A survey conducted by African Press Organization(APO) commissioned by Schneider Electric on electrical counterfeiting in Africa has been released. Its purpose was to identify the most counterfeited products and brands in Africa as well as point out recommendations.
Moreover, it aimed to assess the consequences of electrical counterfeiting on Africa. The survey took place between December 2013 and March 2014 and used eleven African countries; Democratic Republic of the Congo (DRC), Ghana, Guinea, Ivory Coast, Kenya, Cameroon, Republic of the Congo, Nigeria, Tanzania and Uganda. The 37 investigators hired by APO contacted several officials and professionals. This is the first survey of its kind to be conducted on such a scale in Africa.
Because electrical standards, brand names and the historical patterns of trade are not similar across all regions in Africa, countries were divided in accordance to linguistic zones to obtain better results. Thus, the survey divided countries into Anglophone and Francophone countries. Once results were obtained however, a comparison of the two linguistic zones was made, and the researchers could then draw general conclusions.
According to the survey, the most counterfeit electrical products in Africa are cables, switches and breakers. Electricians, resellers and officials all confirmed that cables are the most counterfeited electrical item in Africa. Other products that are likely to be counterfeited according to the report are, energy saving bulbs, small motors, pocket radios, remote controllers, DVDs, TVs, high voltage surge protector and LED lighting. In fact, most respondents of the survey noted that all electrical goods in Africa have counterfeit version, especially the smaller devices. In addition, the most counterfeited brands in Africa were; Legrand, Hager, General Electric, Schneider Electric, ABB followed by Crabtree, Siemens, ETNMEM, APC, MK, Tendy, Moeller, Electrium, ETN-Cutler Hammer, Btcino, Lawson, and Bill.
China was identified as the main source of electrical counterfeit goods in Africa; the rest of Asia came in second, followed by Africa, the Middle East and lastly European countries. Africa, the countries that were mentioned to be the main sources of electrical counterfeits were South Arica Angola, Kenya, Nigeria, Senegal, Angola and a couple others. The reason numerous African countries were mentioned as sources of electrical counterfeits is because the respondents used their own countries as places where counterfeit goods and sold to neighboring countries. The survey noted that with the exception of Nigeria, almost all the countries that import counterfeit electrical goods in Africa are targets of acquiring fake re-exported electrical goods from their neighboring countries. No less than 26 African countries were identified by the respondents to the survey as being target countries with Guinea, Niger, and Ghana being the main targets followed by Cameroon, Sudan and Uganda.
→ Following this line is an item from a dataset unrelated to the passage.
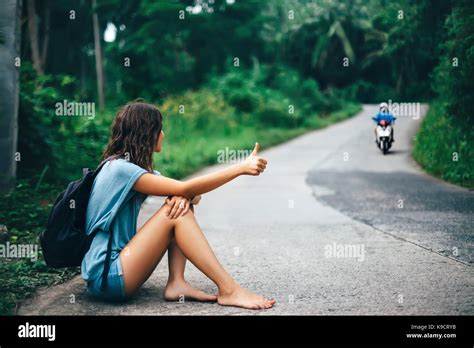 Barfuß Auf Der Straße Fotos Und Bildmaterial In Hoher Auflösung Alamy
In Africa, a majority of the countries, manufacture assemble and export homemade counterfeit electrical goods, with Senegal, Congo Brazzaville, Guinea noted by the survey as the countries who produce the least counterfeit products. On the contrary, Tanzania, Kenya and Nigeria have very high number of these products. The most domestically manufactured products in Africa are wires and cables, and the distributors of these fake products are most commonly street vendors, retailers and individuals. Moreover, some of the infamous black markets known to sell these products were identified; Nyamakima in Kenya, Alaba Market in Nigeria, Sunyani Central Market in Ghana and several others.
The survey indicated that the greatest damage electrical counterfeit caused was to the African economy. Although the survey did not have enough data to generate exact figures, several respondents made estimations about the cost of fake electrical goods in their respective countries. For example, in Kenya, the estimate was, anywhere from 5 million to 30 billion, which is a very general estimate. Thus the data cannot be taken at face value and just serve as an indication of the level of damage these products can cause economies across Africa. Other consequences of counterfeit electrical goods include, loss of property, loss of competitiveness, electrocutions, accidents and death were all consequences mentioned.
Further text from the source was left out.